This Apple Exec Takes A Page Out Of Steve Jobs' Book Every Morning

This Apple Exec Takes A Page Out Of Steve Jobs' Book Every Morning
SAN FRANCISCO, CA - JUNE 08: Apple Craig Federighi, Apple senior vice president of Software Engineering, speaks during Apple WWDC on June 8, 2015 in San Francisco, California. Apple annouced a new OS X, El Capitan, and iOS 9 during the keynote at the annual developers conference that runs through June 12. (Photo by Justin Sullivan/Getty Images)
SAN FRANCISCO, CA - JUNE 08: Apple Craig Federighi, Apple senior vice president of Software Engineering, speaks during Apple WWDC on June 8, 2015 in San Francisco, California. Apple annouced a new OS X, El Capitan, and iOS 9 during the keynote at the annual developers conference that runs through June 12. (Photo by Justin Sullivan/Getty Images)

Apple executive Craig Federighi meditates every morning.

The senior vice president of software, who oversees Apple’s mobile and desktop operating systems, said Monday during a demonstration of the latest iOS update that he starts each day by meditating.

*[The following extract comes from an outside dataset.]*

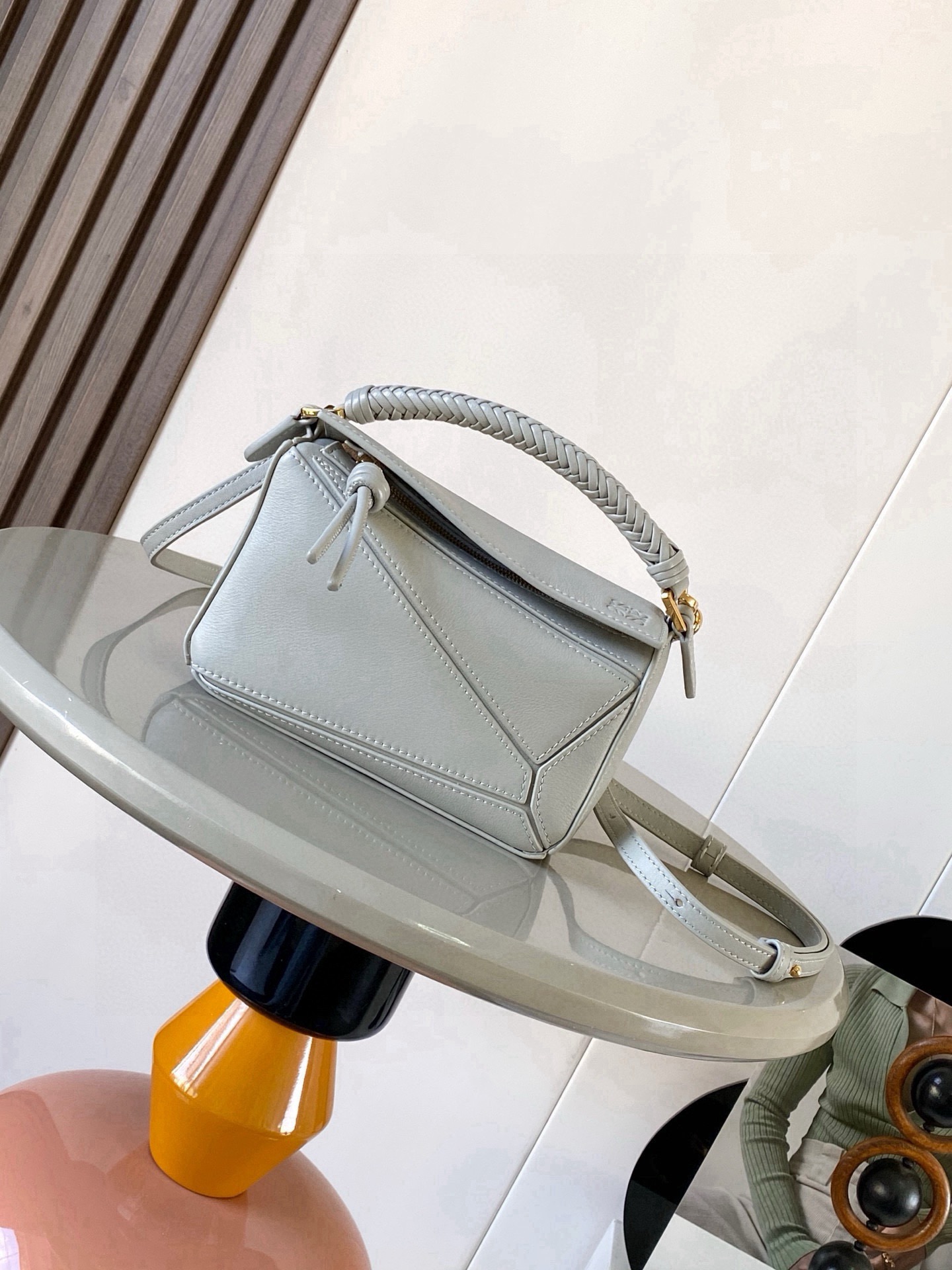 NO:854223,The new woven handle mini soft calfskin Puzzle handbag is the product of creative director Jonathan.  The cuboid shape and precise cutting techniques created the Puzzle's unique geometric lines for Jonathan Anderson's first handbag. This small version is crafted from supple calf leather with a unique woven top handle. *This small Puzzle  Bag can hold, for example, a large wallet, all sizes of mobile phones and sunglasses Can be worn on the shoulder, cross-body, hand or hand Detachable and adjustable shoulder strap *Zip closure Calf leather zipper puller External zippered back pocket and an internal slip pocket *Can be customized with shoulder straps and personalized charms  Color space gray, Loewe, loewe, wallets, cowhide19860909新款编织手挽迷你柔软牛皮革Puzzle 手袋是创意总监乔纳森．安德森( Jonathan Anderson）为推出的首款手提包长方体形状和精确的切割技术创造了 Puzzle 独特的几何线条此小号版本采用柔软牛皮革制成搭配独特的编织手提.＊这款小号 Puzzle 手袋可容纳例如一只大号钱包所有尺寸的手机和太阳镜可肩背、斜挎、手提或手拿可拆卸可调节肩带＊拉链开合牛皮革拉链头外部拉链后袋和一个内部插袋＊可以使用肩带和个性化挂饰进行定制＊绒面革衬里＊ Anagram 压纹 尺寸18cm～12.5cm～8cm 款号9097 颜色太空灰,罗意威,loewe,wallets,cowhide,Bag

At the Worldwide Developers Conference in San Francisco, Federighi showed how the latest version of the iOS predicts, when the phone is located at his home, that he will want to meditate. It automatically opens a meditation app, displaying a serene lakeside vista, when he unlocks the phone.

Meditation is becoming an increasingly popular means of sharpening focus and reducing stress in the business world. But it’s nothing new at Apple. Late co-founder Steve Jobs practiced Zen Buddhist meditation techniques daily.

“If you just sit and observe, you will see how restless your mind is,” Jobs told his biographer Walter Isaacson. “If you try to calm it, it only makes things worse, but over time it does calm, and when it does, there’s room to hear more subtle things -- that’s when your intuition starts to blossom and you start to see things more clearly and be in the present. Your mind just slows down, and you see a tremendous expanse in the moment. You see so much more than you could see before. It’s a discipline; you have to practice it.”